What if you have a marketing question that you can’t easily answer using Google Analytics reports alone?
For example, you may be interested in finding the combination of cities, age groups, marketing sources, and devices that generates the highest number of transactions and e-commerce revenues.
It would be hard to do in a regular, free version of Google Analytics (Universal Analytics), because you can only add two dimensions to a Google Analytics report at a time (one primary dimension and one secondary dimension.)
Even if you create a custom report or build an advanced segment out of one of the dimensions, it will still feel as a repetitive thing to do.
The deeper the insights you want to get, the harder it will be for you to get them using Google Analytics reports only.
The way out of such situations is to export your Google Analytics data to Google BigQuery and derive insights from the raw dataset by running your own queries.
In the next few sections, we’ll help you do just that. We’ll set up a data pipeline that sends your data to Google BigQuery and then runs queries that generate insights for you.
Please note that this tutorial works with the Universal Analytics version of Google Analytics. GA4, the newest version of Google Analytics, makes sending data to BigQuery much easier. Nevertheless, we’re sure that following this tutorial will teach you many things about BigQuery, Google Analytics, and building your own data pipelines. Follow along!
From Analytics to BigQuery in 3 steps
Getting your data into BigQuery boils down to 3 things.
- Choosing a proper combination of metrics and dimensions from Google Analytics that will help you answer business question at hand.
- Launching an ETL (a data pipeline) to move data from Google Analytics to Google BigQuery.
- Exploring your data in Data Studio and then wrangling and querying it in BigQuery.
Combine proper dimensions and metrics
As you know, Google Analytics is organised into metrics and dimensions.
Dimensions describe, metrics measure. In general, all metrics just measure dimensions in a certain way, e.g. by counting, averaging, summing etc. Examples of metrics include session time, unique pageviews or number of transactions. Examples of dimensions include marketing source or medium, device category, city etc.
Analytics reports are built by combining dimensions and metrics. For example, the Acquisition report will have sources as dimensions and time on site, goal completions and conversions as metrics.
For the Analytics-BigQuery link to give sensible results, you have to choose a correct combination of metrics and dimensions to be sent through the data pipeline. The key in combining dimensions and metrics properly is to look at their scope.
Each dimension and metric has only one scope: user, session or hit (there’s also product scope – irrelevant for now). Scope tells you when and how each dimension or metric is filled with actual data.
Hit scope describes individual actions – events, transactions or pageviews. Some examples of hit-scope dimensions and metrics are e.g. search term, event category, time on site. They’re set at the moment of the hit. This makes the scope of hit equal to itself.
Metrics and dimensions with session scope are set once for the series of hits called session. Typical dimensions and metrics with session scope include e.g. source, medium, bounce rate.

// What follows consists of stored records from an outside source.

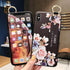 Rose Flowers Wrist Strap Phone Cases For iPhone 13 12 11 14 pro MAX X XR XS MAX 7 8 Plus Cover  Hand Band Cases Soft Full Protection Slim Colorful Protective Phone Case For iPhone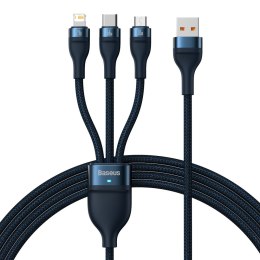 3w1 Kabel przewód do szybkiego ładowania USB-A do USB-C microUSB Lightning 66W 480Mb/s 1.2m niebieski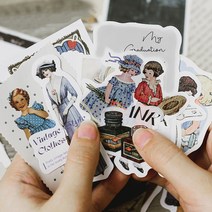 빈티지 인물 인형 소품 프레임 다꾸 배경지 스티커 6종, 4.레트로돌 (ME-1064)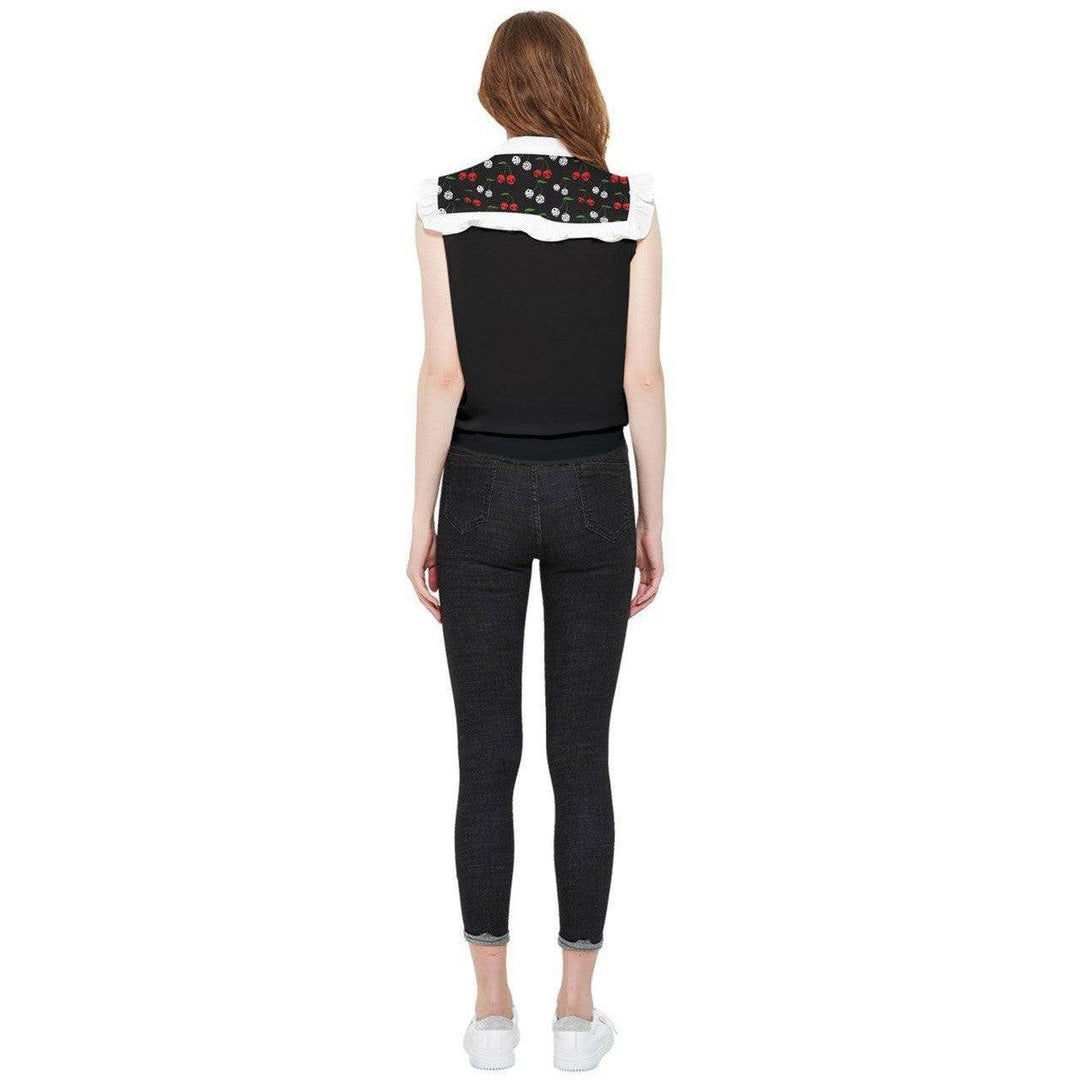 Cherry Skulls & Dice Tie Front Top - Poison Arrow Retro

User scope aggregates data from multiple sessions of a given user. Examples of dimensions with the user scope are age, gender, city. All dimensions and metrics with user scope are set at the level of unique user identifier called client ID. Identifier is stamped into the browser, not the actual person. That’s why it’s inaccurate to treat it as equivalent to the behaviour of individual, unique people.
Building reports, be it inside Google Analytics or outside – e.g. in BigQuery, only makes sense if you combine dimensions and metrics from the same scope. If you combine metrics and dimensions from different scopes, you’ll either get no data or wrong data.
Google Analytics typically will not stop you from cross-scope combinations of metrics and dimensions and it will print a regular report for you. However, the data in such report will be meaningless.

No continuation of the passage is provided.